L’histoire de France est ponctuée par les rébellions. L’embrasement survient quand le peuple – du moins une proportion significative – estime en conscience que le pouvoir en place abuse de ses prérogatives ou trahit sa confiance. Certains mouvements sociaux majeurs ont provoqué des ruptures brutales, d’autres ont entamé les tournants essentiels de notre histoire. Pendant des siècles, l’effervescence française a eu une influence significative sur le reste du monde. « Ce qui se passe en France » est toujours observé, attendu et souvent imité.

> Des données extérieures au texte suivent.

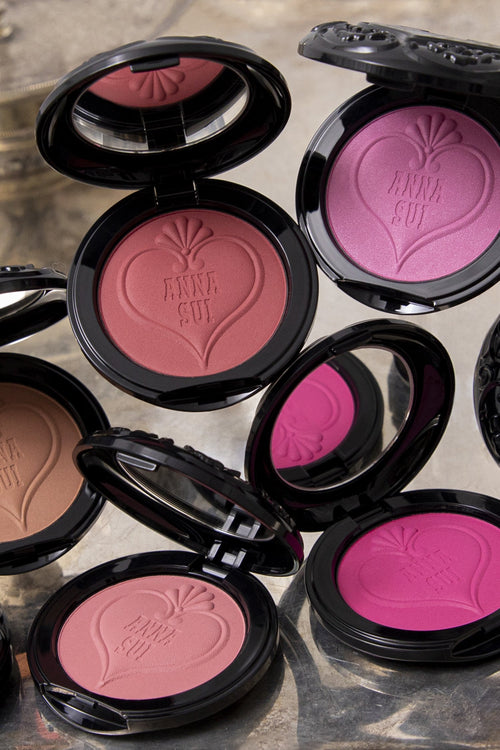 The 5 Sui Black - Powder Blush color, in open black rounded containers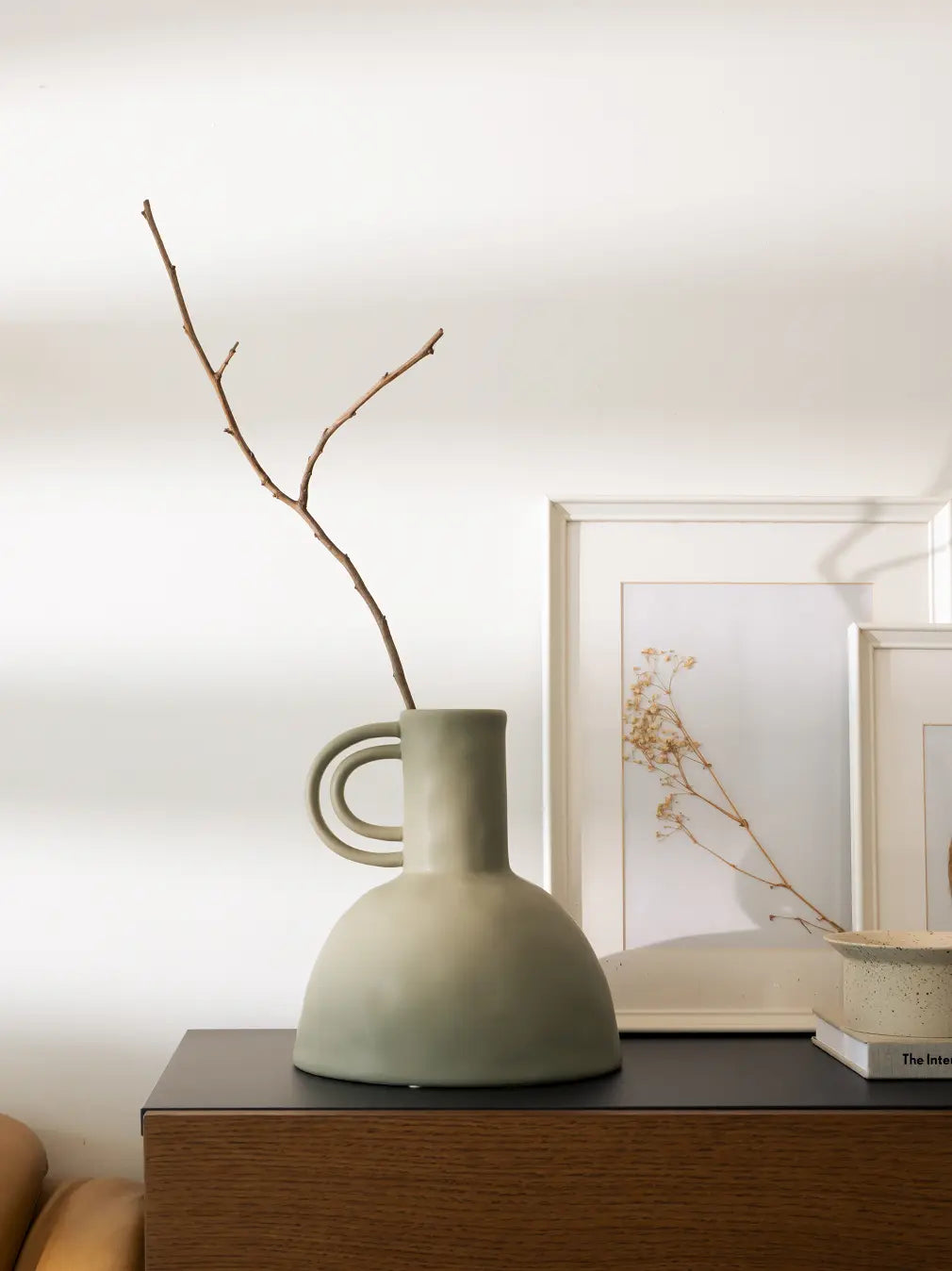 Green ceramic vase with a branch on a wooden surface, framed artwork in the background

Le jaillissement du mouvement social qui a bousculé la France au début du quinquennat de François Hollande ne fait pas exception. Il est même, à bien des égards, inédit. Contrepoint à la révolution bourgeoise-libertaire de Mai 68, il marque la vitalité d’une nouvelle écologie humaine, tant par son origine mystérieuse et ses motivations profondes que par sa durée et ses perspectives. Il est temps de reconnaître ce que signifie et promet un mouvement social d’une ampleur telle qu’il n’en existe que quelques-uns par siècle. Il est temps, pour ceux qui ont participé à cette aventure, de prendre conscience qu’ils sont en train de changer l’histoire.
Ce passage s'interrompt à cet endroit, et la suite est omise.